By Natalie Bennett

Abortion is sometimes presented as a marginal issue, something of concern only to feckless teenagers, the disorganised and unlucky woman. But that’s far from the case. One in three British women will have an abortion by the time they reach the age of 45. Contraceptive failure is the chief reason (and contraceptives are a great deal less reliable than the popular view would have it) – and many women having abortions already have one or more children.

Where women live – and who they are – will have a considerable impact on the provision of that abortion. In Scotland in 2002, 99.8% of abortions took place in NHS hospitals. In England and Wales only 42% were NHS facilities, while 22% were obtained privately. (The rest were funded by the NHS in private facilities.)

In some parts of England and Wales the waiting list for an NHS abortion is more than seven weeks; the average two to four weeks, although the official target maximum waiting time is 21 days.

That wait has two main impacts – there’s stress and distress, then there’s potential medical effects. While having an abortion is safer than continuing the pregnancy, the rate of complications does increase with the gestation period, and for a number of women may mean being forced to change from a medical abortion (i.e. taking hormone pills), to a surgical abortion.

When the current abortion law was passed 40 years ago, medical knowledge was considerably less advanced than it is now. The only method of abortion available was surgical, and the level of complications considerably higher. So the law at that time specified that the procedure could only be carried out by a doctor, in a specific facility. Also, the politics of the time led to a requirement being added, one needed for no other procedure, that the signatures of two doctors be obtained to authorise it.

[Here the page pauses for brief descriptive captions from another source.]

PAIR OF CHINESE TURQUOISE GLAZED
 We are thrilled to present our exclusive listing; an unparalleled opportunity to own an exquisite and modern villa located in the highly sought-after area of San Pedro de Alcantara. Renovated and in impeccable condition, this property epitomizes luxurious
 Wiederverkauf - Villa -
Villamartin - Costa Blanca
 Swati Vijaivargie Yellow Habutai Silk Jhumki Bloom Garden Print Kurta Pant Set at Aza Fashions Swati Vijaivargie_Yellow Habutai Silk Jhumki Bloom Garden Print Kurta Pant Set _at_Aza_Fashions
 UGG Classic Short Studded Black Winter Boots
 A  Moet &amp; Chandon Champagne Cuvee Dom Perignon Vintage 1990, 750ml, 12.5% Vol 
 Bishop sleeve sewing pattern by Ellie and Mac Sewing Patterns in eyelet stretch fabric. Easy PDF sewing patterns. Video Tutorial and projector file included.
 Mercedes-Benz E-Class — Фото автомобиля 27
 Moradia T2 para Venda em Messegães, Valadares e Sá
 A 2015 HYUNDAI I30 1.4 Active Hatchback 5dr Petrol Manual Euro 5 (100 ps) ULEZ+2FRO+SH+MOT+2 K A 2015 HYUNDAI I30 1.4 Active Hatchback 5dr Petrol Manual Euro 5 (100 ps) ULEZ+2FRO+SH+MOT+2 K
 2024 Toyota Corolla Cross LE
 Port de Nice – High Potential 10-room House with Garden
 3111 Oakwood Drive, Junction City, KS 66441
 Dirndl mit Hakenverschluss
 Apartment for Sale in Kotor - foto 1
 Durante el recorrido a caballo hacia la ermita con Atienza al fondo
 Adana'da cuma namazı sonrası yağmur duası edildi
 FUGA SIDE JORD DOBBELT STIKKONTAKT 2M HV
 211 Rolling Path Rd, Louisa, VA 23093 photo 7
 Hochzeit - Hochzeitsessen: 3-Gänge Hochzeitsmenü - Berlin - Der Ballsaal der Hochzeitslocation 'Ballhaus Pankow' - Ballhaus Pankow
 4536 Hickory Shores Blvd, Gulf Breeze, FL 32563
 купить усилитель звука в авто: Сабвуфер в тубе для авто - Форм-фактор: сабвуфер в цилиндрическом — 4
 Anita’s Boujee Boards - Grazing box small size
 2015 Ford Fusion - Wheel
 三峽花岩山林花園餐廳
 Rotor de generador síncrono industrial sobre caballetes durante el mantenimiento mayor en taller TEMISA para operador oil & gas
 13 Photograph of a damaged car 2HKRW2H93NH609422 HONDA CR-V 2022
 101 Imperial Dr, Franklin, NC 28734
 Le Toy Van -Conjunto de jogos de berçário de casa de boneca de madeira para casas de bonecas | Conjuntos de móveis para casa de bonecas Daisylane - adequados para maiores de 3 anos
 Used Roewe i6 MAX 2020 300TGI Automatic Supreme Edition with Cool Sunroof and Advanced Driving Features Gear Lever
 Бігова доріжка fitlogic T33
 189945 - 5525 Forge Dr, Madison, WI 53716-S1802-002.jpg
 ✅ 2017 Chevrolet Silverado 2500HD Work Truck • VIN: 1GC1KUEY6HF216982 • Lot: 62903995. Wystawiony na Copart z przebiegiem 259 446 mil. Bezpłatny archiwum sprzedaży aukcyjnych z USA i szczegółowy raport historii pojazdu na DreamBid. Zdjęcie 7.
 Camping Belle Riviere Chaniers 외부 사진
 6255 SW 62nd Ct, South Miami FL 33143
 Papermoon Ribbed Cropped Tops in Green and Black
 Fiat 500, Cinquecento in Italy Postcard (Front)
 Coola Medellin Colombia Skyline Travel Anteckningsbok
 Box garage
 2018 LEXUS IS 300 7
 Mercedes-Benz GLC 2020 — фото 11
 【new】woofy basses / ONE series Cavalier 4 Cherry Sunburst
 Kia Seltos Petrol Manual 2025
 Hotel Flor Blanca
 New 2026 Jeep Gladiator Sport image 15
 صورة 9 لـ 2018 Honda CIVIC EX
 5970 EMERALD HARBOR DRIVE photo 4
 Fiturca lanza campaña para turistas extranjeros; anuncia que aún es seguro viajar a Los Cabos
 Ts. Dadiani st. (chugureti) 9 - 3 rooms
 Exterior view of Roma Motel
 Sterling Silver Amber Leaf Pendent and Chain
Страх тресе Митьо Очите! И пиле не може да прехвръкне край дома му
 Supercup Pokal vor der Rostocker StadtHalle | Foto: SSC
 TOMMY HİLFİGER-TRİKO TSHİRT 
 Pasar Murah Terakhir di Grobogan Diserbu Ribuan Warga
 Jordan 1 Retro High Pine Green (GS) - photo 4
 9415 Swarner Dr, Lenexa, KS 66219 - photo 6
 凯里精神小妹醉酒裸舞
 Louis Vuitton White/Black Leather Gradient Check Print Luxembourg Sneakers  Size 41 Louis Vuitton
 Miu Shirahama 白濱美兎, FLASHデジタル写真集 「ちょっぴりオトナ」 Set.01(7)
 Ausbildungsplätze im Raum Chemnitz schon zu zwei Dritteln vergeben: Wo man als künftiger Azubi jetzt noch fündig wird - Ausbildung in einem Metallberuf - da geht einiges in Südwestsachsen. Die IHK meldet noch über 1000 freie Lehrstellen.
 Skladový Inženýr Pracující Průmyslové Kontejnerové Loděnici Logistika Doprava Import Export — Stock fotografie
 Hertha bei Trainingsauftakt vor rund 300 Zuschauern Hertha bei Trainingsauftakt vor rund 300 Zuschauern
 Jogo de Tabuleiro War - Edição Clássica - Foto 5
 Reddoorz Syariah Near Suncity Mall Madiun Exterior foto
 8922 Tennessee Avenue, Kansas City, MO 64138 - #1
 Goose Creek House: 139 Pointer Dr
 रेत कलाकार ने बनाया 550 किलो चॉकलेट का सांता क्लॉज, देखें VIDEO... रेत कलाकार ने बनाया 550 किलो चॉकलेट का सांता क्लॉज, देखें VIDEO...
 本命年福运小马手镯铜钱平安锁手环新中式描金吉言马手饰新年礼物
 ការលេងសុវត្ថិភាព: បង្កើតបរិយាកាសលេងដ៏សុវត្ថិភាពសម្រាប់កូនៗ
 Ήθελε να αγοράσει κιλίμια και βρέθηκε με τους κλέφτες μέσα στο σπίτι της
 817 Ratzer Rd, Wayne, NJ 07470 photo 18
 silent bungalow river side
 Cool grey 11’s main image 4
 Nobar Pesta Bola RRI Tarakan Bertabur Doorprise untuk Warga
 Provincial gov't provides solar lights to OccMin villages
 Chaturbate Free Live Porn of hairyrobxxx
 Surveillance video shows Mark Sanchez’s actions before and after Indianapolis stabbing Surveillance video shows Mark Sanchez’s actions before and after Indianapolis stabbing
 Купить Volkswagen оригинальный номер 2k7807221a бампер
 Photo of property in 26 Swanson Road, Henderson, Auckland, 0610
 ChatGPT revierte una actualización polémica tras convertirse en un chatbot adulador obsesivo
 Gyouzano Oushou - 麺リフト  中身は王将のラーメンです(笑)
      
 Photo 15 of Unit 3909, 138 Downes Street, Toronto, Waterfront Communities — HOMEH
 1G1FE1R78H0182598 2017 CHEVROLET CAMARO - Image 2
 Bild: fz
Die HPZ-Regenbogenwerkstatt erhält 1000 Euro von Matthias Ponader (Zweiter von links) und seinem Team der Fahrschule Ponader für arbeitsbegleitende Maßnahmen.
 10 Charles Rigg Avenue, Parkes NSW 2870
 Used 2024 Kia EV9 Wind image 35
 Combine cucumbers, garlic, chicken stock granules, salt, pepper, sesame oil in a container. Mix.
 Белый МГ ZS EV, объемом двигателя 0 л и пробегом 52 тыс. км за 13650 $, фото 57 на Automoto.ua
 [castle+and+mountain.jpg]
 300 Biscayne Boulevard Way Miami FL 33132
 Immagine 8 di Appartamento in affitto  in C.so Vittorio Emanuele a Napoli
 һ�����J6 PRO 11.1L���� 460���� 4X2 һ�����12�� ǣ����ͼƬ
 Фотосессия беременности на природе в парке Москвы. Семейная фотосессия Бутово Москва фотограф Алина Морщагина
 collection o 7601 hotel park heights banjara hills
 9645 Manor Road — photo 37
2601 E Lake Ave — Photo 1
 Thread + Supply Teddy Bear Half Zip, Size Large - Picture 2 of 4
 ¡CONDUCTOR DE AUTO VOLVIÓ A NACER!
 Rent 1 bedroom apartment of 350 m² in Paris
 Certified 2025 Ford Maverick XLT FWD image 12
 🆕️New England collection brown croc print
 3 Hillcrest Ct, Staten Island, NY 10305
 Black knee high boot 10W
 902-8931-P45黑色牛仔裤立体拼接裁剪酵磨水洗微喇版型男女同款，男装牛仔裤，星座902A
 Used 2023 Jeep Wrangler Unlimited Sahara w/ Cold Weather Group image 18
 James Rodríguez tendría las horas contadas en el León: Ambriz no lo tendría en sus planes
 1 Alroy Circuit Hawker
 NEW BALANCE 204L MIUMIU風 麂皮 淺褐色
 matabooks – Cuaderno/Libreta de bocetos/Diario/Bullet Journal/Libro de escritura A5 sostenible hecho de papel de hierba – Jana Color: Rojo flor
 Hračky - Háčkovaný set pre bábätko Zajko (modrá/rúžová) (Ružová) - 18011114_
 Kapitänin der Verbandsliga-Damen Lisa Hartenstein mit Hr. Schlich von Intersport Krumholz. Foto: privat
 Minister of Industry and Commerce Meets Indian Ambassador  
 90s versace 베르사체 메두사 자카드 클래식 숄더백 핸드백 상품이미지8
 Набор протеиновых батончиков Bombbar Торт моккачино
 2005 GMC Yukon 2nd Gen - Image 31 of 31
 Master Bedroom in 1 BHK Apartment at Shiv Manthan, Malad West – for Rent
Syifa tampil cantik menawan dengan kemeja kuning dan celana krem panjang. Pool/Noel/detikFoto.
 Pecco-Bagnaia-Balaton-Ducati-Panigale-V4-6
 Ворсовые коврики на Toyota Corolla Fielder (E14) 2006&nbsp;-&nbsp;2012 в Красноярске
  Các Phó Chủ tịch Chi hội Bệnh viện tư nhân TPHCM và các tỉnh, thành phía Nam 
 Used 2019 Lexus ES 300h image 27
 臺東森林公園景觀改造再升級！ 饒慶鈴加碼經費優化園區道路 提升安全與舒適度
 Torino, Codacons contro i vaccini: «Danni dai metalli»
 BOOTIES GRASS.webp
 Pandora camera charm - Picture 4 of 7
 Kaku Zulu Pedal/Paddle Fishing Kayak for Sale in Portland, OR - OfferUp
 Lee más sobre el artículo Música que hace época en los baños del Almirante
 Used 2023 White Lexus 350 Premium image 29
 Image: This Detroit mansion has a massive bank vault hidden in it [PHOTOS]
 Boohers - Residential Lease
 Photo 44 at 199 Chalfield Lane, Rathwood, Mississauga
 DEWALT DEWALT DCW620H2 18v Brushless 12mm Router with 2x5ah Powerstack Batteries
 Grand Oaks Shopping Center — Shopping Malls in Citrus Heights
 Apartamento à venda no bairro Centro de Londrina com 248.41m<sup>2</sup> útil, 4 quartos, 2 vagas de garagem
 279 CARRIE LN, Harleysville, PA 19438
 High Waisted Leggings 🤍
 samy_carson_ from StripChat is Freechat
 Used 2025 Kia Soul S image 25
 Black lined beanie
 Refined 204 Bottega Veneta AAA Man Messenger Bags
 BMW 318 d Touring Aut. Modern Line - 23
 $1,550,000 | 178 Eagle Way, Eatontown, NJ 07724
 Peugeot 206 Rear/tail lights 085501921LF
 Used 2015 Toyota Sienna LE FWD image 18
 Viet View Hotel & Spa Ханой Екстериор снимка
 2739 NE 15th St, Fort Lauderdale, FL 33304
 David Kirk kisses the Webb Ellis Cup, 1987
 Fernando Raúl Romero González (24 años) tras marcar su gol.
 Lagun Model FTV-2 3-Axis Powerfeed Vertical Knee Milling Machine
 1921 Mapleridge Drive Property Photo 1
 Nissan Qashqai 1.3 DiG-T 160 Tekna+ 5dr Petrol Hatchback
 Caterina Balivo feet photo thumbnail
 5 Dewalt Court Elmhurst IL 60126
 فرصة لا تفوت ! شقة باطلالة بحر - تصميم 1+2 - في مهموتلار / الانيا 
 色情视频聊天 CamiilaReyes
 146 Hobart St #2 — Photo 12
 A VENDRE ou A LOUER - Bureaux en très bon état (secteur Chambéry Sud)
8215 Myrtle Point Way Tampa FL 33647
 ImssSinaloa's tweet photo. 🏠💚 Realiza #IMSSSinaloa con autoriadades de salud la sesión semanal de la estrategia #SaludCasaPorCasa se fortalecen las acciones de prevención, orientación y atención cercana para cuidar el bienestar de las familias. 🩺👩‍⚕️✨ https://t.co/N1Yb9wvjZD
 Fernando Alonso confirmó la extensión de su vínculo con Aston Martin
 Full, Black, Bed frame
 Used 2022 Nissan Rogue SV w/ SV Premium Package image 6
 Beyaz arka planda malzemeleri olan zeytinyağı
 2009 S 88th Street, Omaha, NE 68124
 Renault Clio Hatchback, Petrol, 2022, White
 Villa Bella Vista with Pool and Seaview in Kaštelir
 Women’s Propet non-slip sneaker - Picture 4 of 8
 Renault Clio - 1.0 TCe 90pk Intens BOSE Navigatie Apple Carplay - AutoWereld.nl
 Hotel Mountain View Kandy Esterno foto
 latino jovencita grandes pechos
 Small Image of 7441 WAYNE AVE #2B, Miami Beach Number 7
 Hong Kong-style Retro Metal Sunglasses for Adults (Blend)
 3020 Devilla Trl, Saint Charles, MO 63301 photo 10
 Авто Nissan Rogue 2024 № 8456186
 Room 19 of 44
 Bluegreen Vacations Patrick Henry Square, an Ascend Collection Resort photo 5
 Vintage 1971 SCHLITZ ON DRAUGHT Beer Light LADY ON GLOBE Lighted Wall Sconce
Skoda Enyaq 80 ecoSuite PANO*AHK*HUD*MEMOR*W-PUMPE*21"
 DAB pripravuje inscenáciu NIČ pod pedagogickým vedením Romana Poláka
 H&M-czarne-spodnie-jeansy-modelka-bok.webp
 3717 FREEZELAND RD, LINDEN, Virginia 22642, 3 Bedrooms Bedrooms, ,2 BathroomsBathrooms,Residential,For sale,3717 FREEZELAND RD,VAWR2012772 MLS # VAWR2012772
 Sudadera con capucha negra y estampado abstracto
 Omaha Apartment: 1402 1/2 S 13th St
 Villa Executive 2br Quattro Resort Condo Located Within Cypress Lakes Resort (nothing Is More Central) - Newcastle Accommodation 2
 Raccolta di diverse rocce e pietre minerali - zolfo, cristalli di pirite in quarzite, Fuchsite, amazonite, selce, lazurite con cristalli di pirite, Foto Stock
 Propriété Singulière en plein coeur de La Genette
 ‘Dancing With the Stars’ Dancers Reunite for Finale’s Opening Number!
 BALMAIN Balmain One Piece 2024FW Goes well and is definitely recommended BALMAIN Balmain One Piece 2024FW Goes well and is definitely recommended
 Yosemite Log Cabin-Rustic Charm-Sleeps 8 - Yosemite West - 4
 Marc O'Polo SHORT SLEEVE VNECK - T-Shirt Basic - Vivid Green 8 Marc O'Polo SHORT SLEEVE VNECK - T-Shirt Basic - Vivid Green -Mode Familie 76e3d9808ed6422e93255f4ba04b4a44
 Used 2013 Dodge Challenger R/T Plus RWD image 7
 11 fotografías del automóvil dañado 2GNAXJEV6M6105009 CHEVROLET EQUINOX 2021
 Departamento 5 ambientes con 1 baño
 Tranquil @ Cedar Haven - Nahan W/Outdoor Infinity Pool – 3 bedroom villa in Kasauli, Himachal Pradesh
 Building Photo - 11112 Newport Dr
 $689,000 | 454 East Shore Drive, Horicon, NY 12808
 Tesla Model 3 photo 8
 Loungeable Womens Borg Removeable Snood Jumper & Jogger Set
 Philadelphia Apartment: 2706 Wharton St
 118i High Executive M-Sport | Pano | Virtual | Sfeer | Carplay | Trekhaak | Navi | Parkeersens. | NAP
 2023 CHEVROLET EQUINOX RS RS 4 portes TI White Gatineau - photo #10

Many organisations, the Royal College of Nurses and the British Medical Association among them, have formally backed the removal of some or all of those outdated provisions in the law.
In many other countries nurses and midwives provide abortions, with safety rates entirely comparable to those of doctors; in many countries women are able to complete medical abortions in the comfort and security of their own home. Making changes to the law in Britain would help the NHS to significant reduce waiting times. So too would the removal of the two-doctor rule.
These are issues now the subject of a significant campaign by women’s groups, which has been given new impetus by the drive by anti-abortion activists, such as Ann Widdicombe, to tack anti-abortion provisions on to the Human Embryology and Fertilisation bill now going through parliament.

And it is an issue being taken up by the Green Party. The party’s policy is already solid, stating that women’s access to abortion should not be less than it is under the current law, but a motion before the Reading party conference later this month, which I am proposing, backed by Caroline Lucas, MEP, and Sian Berry, our London mayoral candidate (and many others), calls for improvements to the law to remove the two-doctor rule, to allow appropriately trained nurses and midwives to carry out the procedure, and to remove unnecessary restrictions on where the procedure can be carried out.

What this can achieve is simple. By removing unnecessary barriers to provision, and unnecessary costs, the NHS should be able to greatly improve its provision of abortion services, without spending any extra money. And women using the NHS should be able to receive an appropriate, supportive service that does not force them to wait – eventually it could be hoped – more than a few days for the procedure once they have made the decision to have an abortion. It may never be possible to entirely remove the inequalities in NHS and private treatment, but changing the law as proposed by the Green Party motion would be a considerable step in the right direction.